As described in Chapter 3 of Sutton & Barto Book on Reinforcement Learning.

In [1]:
import numpy as np
from gamelearner import *

In [2]:
class GridWorldGame:
    """Simulates the game of Gridworld.

    Class attributes:
        GridWorldGame.name (str): The game's name ('Tic Tac Toe').
        GridWorldGame.size (int): Width (and height) of grid.
        roles [int]: The player role (there is only one).
        GridWorldGame.possible_n_players (list): List of allowed
            numbers of players ([1]).
        TicTacToeGame.marks (list): The characters used to represent
            each role's move on the board (['X']).
        TicTacToeGame.help_text (dict): Various messages (strings)
            to help user.
    """

    name = 'Grid World'
    SIZE = 5
    default_shape = (SIZE, SIZE)
    roles = [1]
    possible_n_players = [1]
    marks = ['X']

    help_text = {
        'Move format': "l, r, u, or d",
        'Move not available': "That move is not possible.",
        'Number of players': "This game is only for 1 player."
    }

    A_POS = (0, 1)
    A_PRIME_POS = (4, 1)
    B_POS = (0, 3)
    B_PRIME_POS = (2, 3)

    def __init__(self, start_pos=(0, 0), moves=None, shape=default_shape,
                 a_pos=A_POS, a_prime_pos=A_PRIME_POS, b_pos=B_POS, 
                 b_prime_pos=B_PRIME_POS, discount=0.9):
        """Initialize a game.

        Args:
            moves (list): This is optional. Provide a list of completed
                moves. Each move should be a char indicating the move 
                ('l', 'r', 'u', 'd').
        """
        
        self.n_players = 1
        self.start_pos = start_pos
        self.shape = shape
        self.a_pos = a_pos
        self.a_prime_pos = a_prime_pos
        self.b_pos = b_pos
        self.b_prime_pos = b_prime_pos
        self.actions = {
            'l': np.array([0, -1]),
            'u': np.array([-1, 0]),
            'r': np.array([0, 1]),
            'd': np.array([1, 0])
        }
        self.reverse_actions = {
            'l': 'r',
            'u': 'd',
            'r': 'l',
            'd': 'u'           
        }
        self.discount = discount
        self.start_time = None
        self.end_time = None
        self.game_over = False
        self.reset()
        if moves is not None:
            for move in moves:
                self.make_move(move)
            self.start()

    def start(self):
        """Record start time (self.start_time)."""

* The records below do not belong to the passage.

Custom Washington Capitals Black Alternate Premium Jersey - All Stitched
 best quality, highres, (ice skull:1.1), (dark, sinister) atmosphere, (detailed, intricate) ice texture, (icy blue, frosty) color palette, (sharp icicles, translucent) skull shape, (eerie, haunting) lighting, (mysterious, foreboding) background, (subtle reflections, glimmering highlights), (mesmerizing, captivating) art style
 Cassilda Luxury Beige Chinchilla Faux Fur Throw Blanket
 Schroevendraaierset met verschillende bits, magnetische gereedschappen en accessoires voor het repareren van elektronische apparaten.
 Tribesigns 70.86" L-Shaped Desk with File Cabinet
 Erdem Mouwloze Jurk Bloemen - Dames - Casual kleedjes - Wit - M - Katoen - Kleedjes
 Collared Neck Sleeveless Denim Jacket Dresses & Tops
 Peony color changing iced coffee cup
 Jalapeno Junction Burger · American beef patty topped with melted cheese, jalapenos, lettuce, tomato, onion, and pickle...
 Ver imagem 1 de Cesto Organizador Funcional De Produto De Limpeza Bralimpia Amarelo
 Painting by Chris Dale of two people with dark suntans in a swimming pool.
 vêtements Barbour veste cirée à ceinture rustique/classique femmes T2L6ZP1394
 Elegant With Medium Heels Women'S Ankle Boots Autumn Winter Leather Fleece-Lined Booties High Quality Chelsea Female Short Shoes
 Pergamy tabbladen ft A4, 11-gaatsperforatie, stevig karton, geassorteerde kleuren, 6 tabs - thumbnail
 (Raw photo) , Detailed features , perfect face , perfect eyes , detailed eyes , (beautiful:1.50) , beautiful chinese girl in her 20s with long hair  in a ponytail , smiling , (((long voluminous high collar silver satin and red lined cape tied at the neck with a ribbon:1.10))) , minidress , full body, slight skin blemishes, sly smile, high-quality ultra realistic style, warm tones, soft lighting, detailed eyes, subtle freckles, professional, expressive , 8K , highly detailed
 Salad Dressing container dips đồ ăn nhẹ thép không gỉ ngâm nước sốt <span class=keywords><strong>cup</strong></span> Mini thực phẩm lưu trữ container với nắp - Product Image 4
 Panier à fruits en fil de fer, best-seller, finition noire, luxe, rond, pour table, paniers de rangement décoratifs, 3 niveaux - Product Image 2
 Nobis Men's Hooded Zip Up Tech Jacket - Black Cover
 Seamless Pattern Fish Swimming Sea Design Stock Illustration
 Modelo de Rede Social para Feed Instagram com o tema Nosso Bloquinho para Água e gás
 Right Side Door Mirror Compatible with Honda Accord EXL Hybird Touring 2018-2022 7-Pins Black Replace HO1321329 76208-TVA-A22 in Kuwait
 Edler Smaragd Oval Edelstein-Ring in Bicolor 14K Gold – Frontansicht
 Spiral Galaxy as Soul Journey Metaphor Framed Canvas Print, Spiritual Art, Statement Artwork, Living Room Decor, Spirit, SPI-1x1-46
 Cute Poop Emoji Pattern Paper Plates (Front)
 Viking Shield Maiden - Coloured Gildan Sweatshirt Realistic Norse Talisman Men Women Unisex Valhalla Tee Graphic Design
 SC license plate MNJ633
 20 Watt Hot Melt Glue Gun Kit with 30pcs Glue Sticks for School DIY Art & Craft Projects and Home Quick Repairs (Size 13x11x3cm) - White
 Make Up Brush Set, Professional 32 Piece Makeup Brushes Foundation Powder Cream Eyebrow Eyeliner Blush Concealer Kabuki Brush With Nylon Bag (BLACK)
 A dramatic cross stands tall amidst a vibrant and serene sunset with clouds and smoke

        self.start_time = datetime.datetime.now()

    def stop(self):
        """Record end time (self.end_time)."""

        self.end_time = datetime.datetime.now()
            
    def reset(self):
        """Set the state of the game to the beginning (no moves).
        """

        self.moves = []
        self.state = np.array(self.start_pos)
        self.game_over = False
        self.start_time = None
        self.end_time = None
        self.turn = self.roles[0]

    def show_state(self):
        """Display the current state of the gridworld."""

        chars = '_abAB' + self.marks[0]
        
        states = np.zeros(self.shape, dtype='b')
        states[self.a_pos] = 1
        states[self.b_pos] = 2
        states[self.a_prime_pos] = 3
        states[self.b_prime_pos] = 4
        states[tuple(self.state)] = 5
        
        for row in states:
            print(" ".join(list(chars[i] for i in row)))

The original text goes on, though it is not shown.